The World Bank has renewed support to the Government of Nepal to strengthen the country’s efforts towards fiscal federalism and improving public financial management under the Second Programmatic Fiscal and Public Financial Management Development Policy Credit Project. The $100 million project is geared towards the accomplishment of reform actions coordinated by the Ministry of Finance which was built on reforms supported under the first Development Policy Credit project. The agreement was signed today at the Ministry of Finance by Secretary, Lal Shanker Ghimire and the World Bank Country Manager for Nepal, Faris H. Hadad-Zervos.

“We are thankful for the support of the World Bank and development partners in the ongoing and dynamic process of federalism in Nepal,” stated Secretary Lal Shanker Ghimire. “Coordination and capacity are one of the primary pillars for the success of Nepal’s three-tier government and it is important we build accountability with responsibility in our pursuance of the country’s development objectives.”

This project supports reforms to advance Nepal’s federalism agenda, under two pillars. The first pillar supports measures to establish fiscal federalism through various legislations, policies and regulations. An umbrella legislation, enacted at the federal level, will guide budget execution and improve the accounting and financial reporting framework, and will form the basis of model laws to be adopted by local governments, to govern their budget processes.

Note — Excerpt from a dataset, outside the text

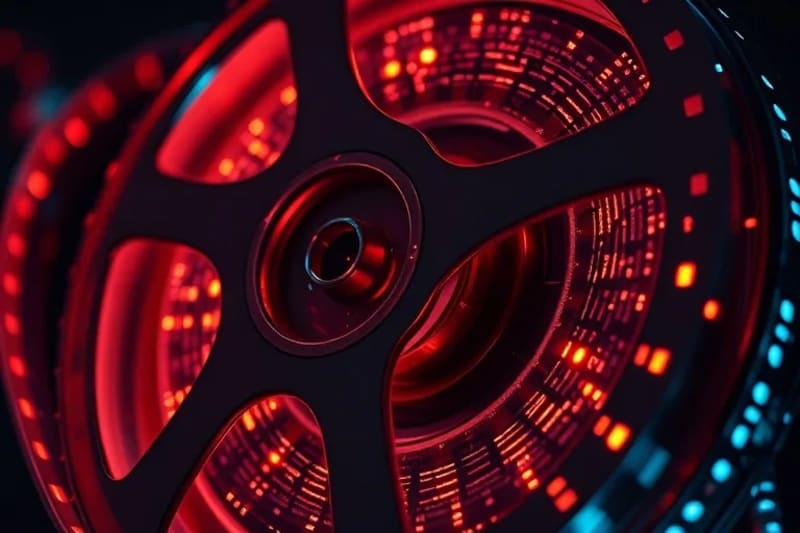 Representación artística de carretes de película vintage entrelazados con patrones de circuitos electrónicos, simbolizando la fusión de arte y ciencia en la vida de una figura icónica.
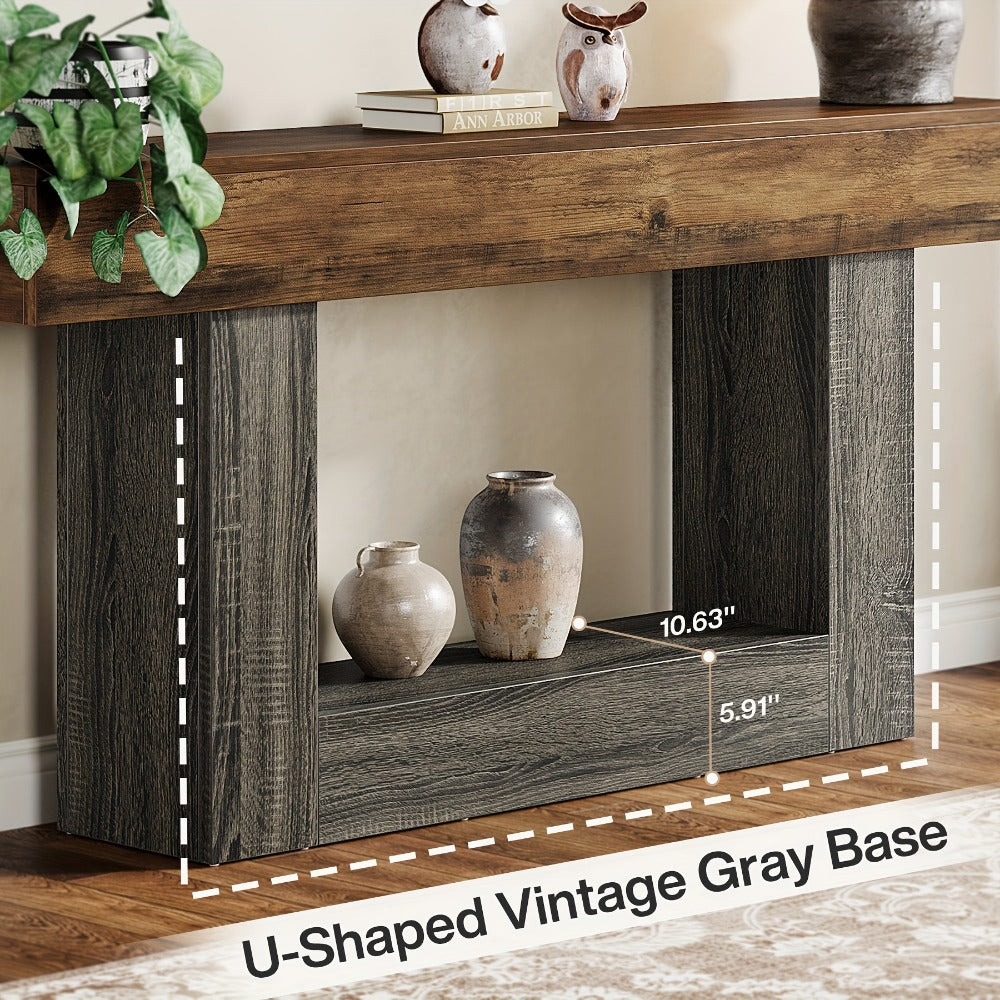 63 Inch Farmhouse Console Table with U-Shaped Base & 2-Tier Shelves, Rustic Brown & Grey Two-Tone Sofa Table for Living Room Hallway Foyer Entryway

The second pillar supports reforms to strengthen the policy framework for public financial management at the subnational levels. This will be achieved through legislation and regulations that govern the budget cycle and promotes transparency and accountability to citizens, guides preparation of the Medium-Term Expenditure Framework, strengthens expenditure control, and supports the development of a revenue collection system. These reforms also include gender responsive budgeting, and measures to address Nepal’s vulnerability to climatic shocks and improve disaster risk management.

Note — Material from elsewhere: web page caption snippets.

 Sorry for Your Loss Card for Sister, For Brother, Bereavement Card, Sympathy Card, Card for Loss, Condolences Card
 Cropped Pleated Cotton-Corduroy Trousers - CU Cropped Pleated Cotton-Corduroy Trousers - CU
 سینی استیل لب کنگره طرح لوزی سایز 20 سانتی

“Nepal’s transition to a federal state is an ambitious agenda and the World Bank Group is committed to support the government in fulfilling this goal,” stated Faris H. Hadad-Zervos, World Bank Country Manager for Nepal. “The sustainability of the proposed reforms under this budget support is a critical aspect. The partnership between the government and development partners will further enable strengthening of public institutions, inclusion and resilience as Nepal progresses with the federalism agenda.”

This project builds on the reforms supported by the first Development Policy Credit to establish the legal frameworks to govern resource allocation across the three tiers of government and guide operations of local governments. It also supported measures to strengthen budget execution and public financial management systems at the federal level.

Nepal’s transition to a federal state aims to bring services closer to the people and to increase the government’s effectiveness in the delivery of social and infrastructure services.